In Jan. 2016, the Dallas County Health and Human Services (DCHHS) investigated a male-to-male sexual transmission of Zika virus. The description of the case is published in the latest Morbidity and Mortality Weekly Report (MMWR).

This is a transmission electron micrograph (TEM) of Zika virus/Cynthia Goldsmith
This is a transmission electron micrograph (TEM) of Zika virus/ Cynthia Goldsmith

According to the report, one half of the gay couple traveled to Venezuela fro one week. He developed classic symptoms of Zika virus infection.

Upon return, he had sexual relations (anal sex) with his monogamous partner without the use of protection.

About a week later, the partner that did not travel outside the country developed a subjective fever, myalgia, headache, lethargy, and malaise; a few days later, he developed a slightly pruritic rash on his torso and arms, small joint arthritis of his hands and feet, and conjunctivitis. All symptoms resolved after 1 week.
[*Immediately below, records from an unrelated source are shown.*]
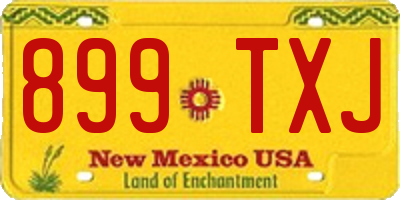 NM license plate 899TXJ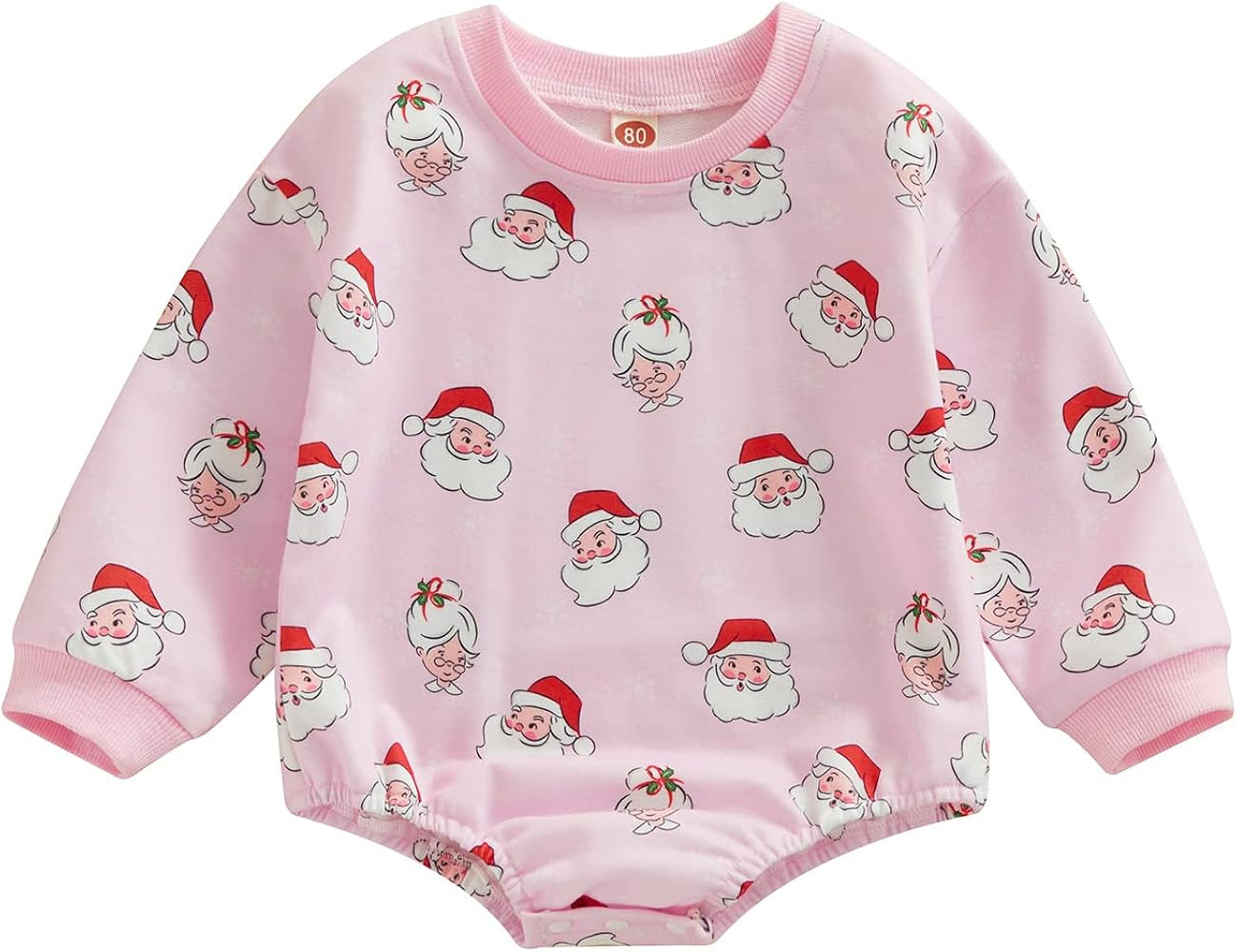 FYBITBO My First Christmas Baby Girl Boy Outfit Sweatshirt Romper Sweater Onesie Long Sleeve Body... | Amazon (US)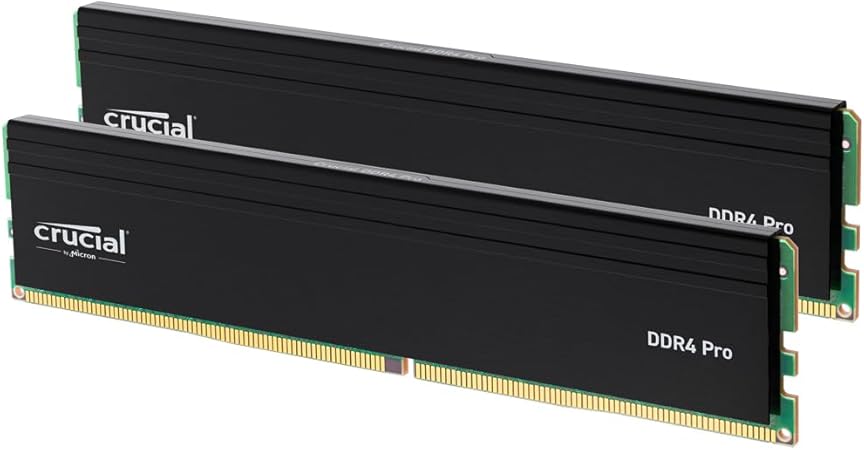 Mémoire RAM Crucial 32Go DDR4 – Kit 3200MHz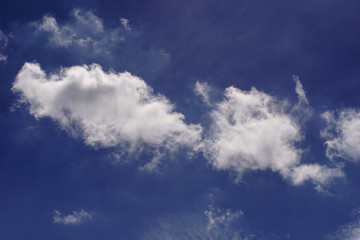 Fototapeta na wymiar closeup cloud with blue sky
The laboratory investigation revealed the Sera from both patients demonstrated positive immunoglobulin M (IgM) responses by capture ELISA for Zika virus and dengue virus, but not for chikungunya virus.

Plaque-reduction neutralization tests indicated that the partner that traveled had been infected with Zika virus, dengue virus serotype 1, or both, but that partner who did not travel had been infected only with Zika virus.

Urine and saliva specimens on both men were negative for Zika virus by RT-PCR. Semen testing with the same method was equivocal for the first patient and negative for his partner.

Although Dallas is within the geographic range of the Zika virus mosquito vectors Aedes aegypti and Ae. albopictus, seasonal winter temperatures in the area during the week of the traveler’s return were not permissive for Aedes activity, thus ruling out mosquito borne transmission for the non-traveling partner.